§ Brief
Give back the full listing verbatim, apart from its images.

§ Given material
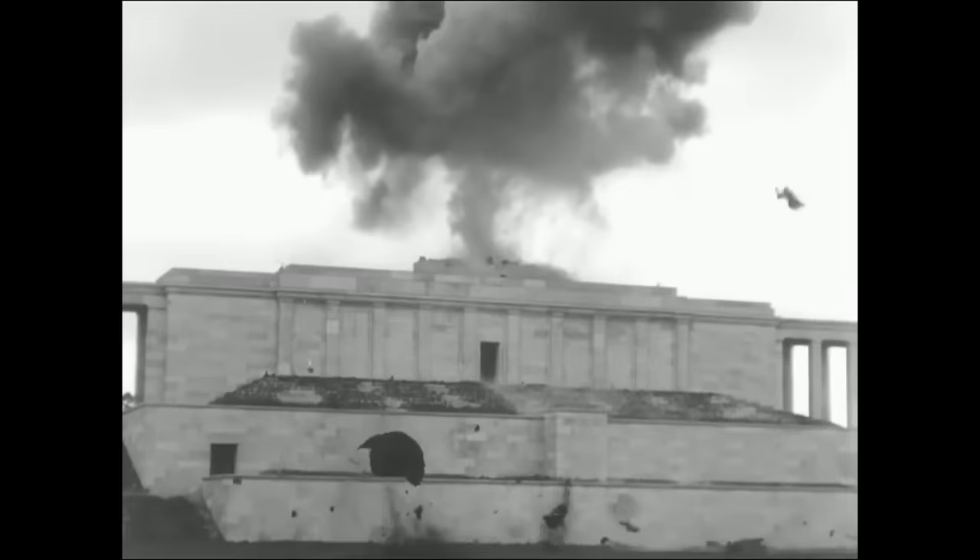It is one of the iconic images of World War II: a huge marble swastika being blown up by victorious American troops in April 1945. But what's the story behind the film?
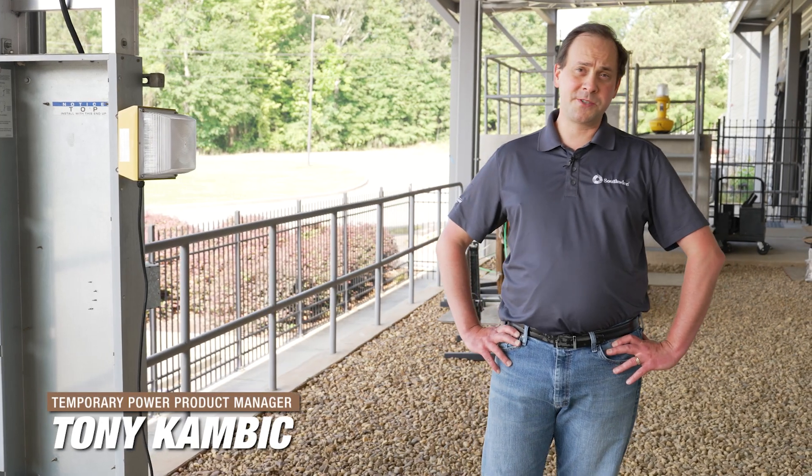Hi, I'm Tony Kambick, Temporary Power Product Manager for Southwire, here to talk to you about our temporary power distribution offerings.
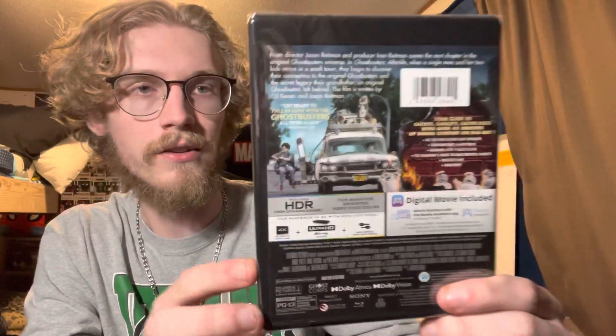The back looks to be the exact same picture — all the same. This is basically my first time buying a 4K movie with a 4K player. I think a couple years back I bought The Incredibles on 4K because I couldn't find it on Blu-ray, but now that I have a 4K player, this is the first movie I've bought in 4K since. Let's open it up and see what the discs look like.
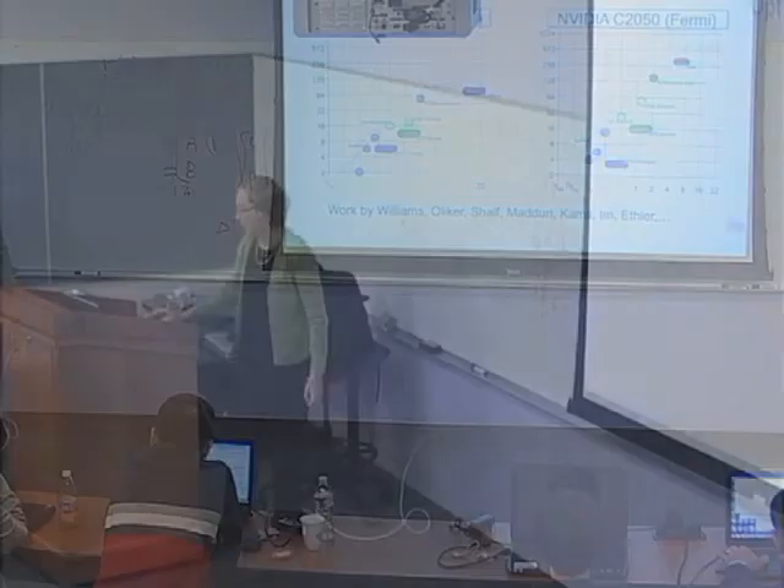So what do we do about the SpMV bottleneck? Jim Demmel's applied math expertise suggested we think about not using sparse matrix-vector multiply as the kernel. There are block iterative solvers that don't rely on just a single matrix-vector multiply. That led to a series of results and papers on Krylov subspace methods like GMRES and conjugate gradient, using a different kernel to lower communication cost — both the bandwidth cost of reading the matrix from DRAM, and the latency cost of dot products communicated across the machine.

§ Response to this exercise
It is one of the iconic images of World War II: a huge marble swastika being blown up by victorious American troops in April 1945. But what's the story behind the film?
Hi, I'm Tony Kambick, Temporary Power Product Manager for Southwire, here to talk to you about our temporary power distribution offerings.
The back looks to be the exact same picture — all the same. This is basically my first time buying a 4K movie with a 4K player. I think a couple years back I bought The Incredibles on 4K because I couldn't find it on Blu-ray, but now that I have a 4K player, this is the first movie I've bought in 4K since. Let's open it up and see what the discs look like.
So what do we do about the SpMV bottleneck? Jim Demmel's applied math expertise suggested we think about not using sparse matrix-vector multiply as the kernel. There are block iterative solvers that don't rely on just a single matrix-vector multiply. That led to a series of results and papers on Krylov subspace methods like GMRES and conjugate gradient, using a different kernel to lower communication cost — both the bandwidth cost of reading the matrix from DRAM, and the latency cost of dot products communicated across the machine.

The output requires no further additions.